(Data for this task begins)

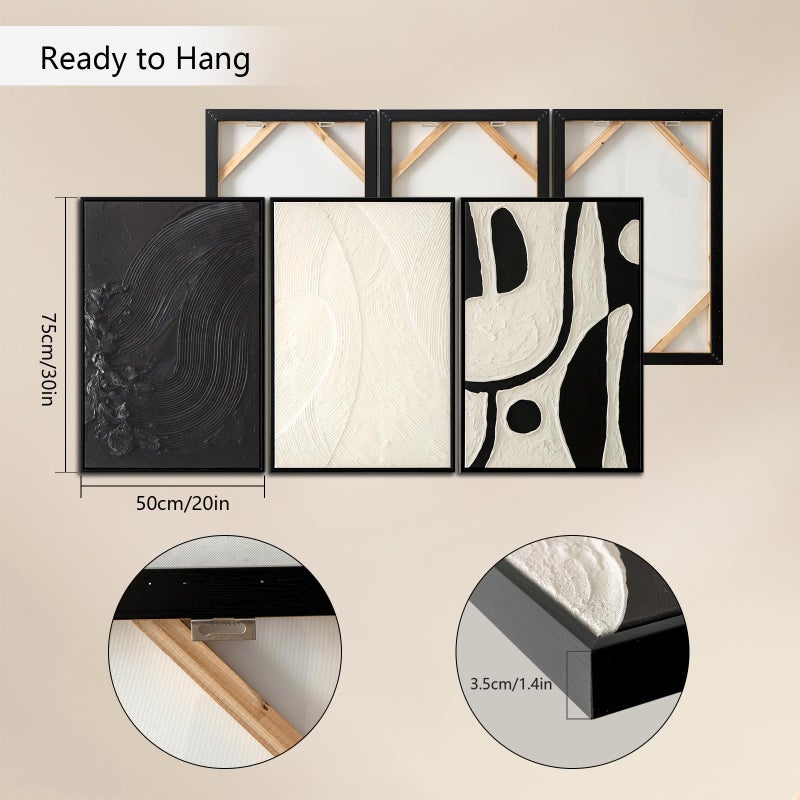 JolyWell 3 piece Black and White Wall Art Set Large Framed Modern Abstract wall decor for Living room Canvas Prints Paintings Artwork, Minimalist Abstract Art Pictures for Hallway, Office Total Size 30x60 Inch - Image 3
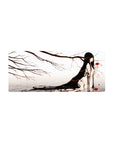 28x12 inches anime girl mouse pad with misty branches, long raven hair, and red flower accents.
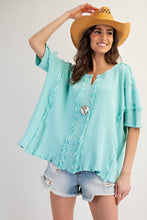 Load image into Gallery viewer, Easel Textured Ribbed Knit Top in Atlantis Green ON ORDER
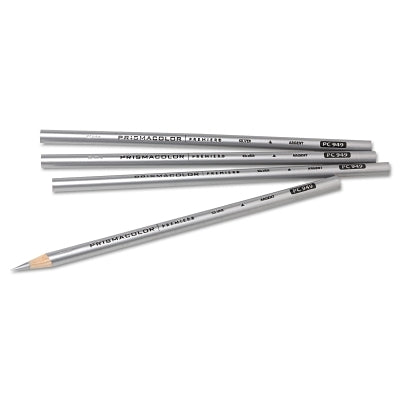 Prismacolor 3375 Premier Soft Core Colored Pencil, Metallic Silver, 12 Pack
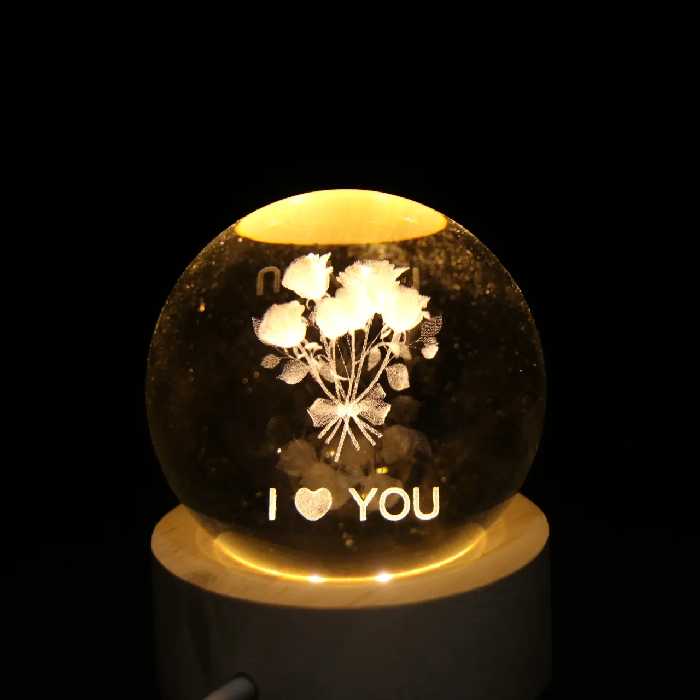 گوی چراغ خواب گل رز I LOVE YOU متوسط 36737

(Data for this task ends)

* [What is required] Full copy, no pictures: write out each line of the data exactly as it stands.

* [Exercise result]
 JolyWell 3 piece Black and White Wall Art Set Large Framed Modern Abstract wall decor for Living room Canvas Prints Paintings Artwork, Minimalist Abstract Art Pictures for Hallway, Office Total Size 30x60 Inch - Image 3
 28x12 inches anime girl mouse pad with misty branches, long raven hair, and red flower accents.
 Load image into Gallery viewer, Easel Textured Ribbed Knit Top in Atlantis Green ON ORDER
 Prismacolor 3375 Premier Soft Core Colored Pencil, Metallic Silver, 12 Pack
 گوی چراغ خواب گل رز I LOVE YOU متوسط 36737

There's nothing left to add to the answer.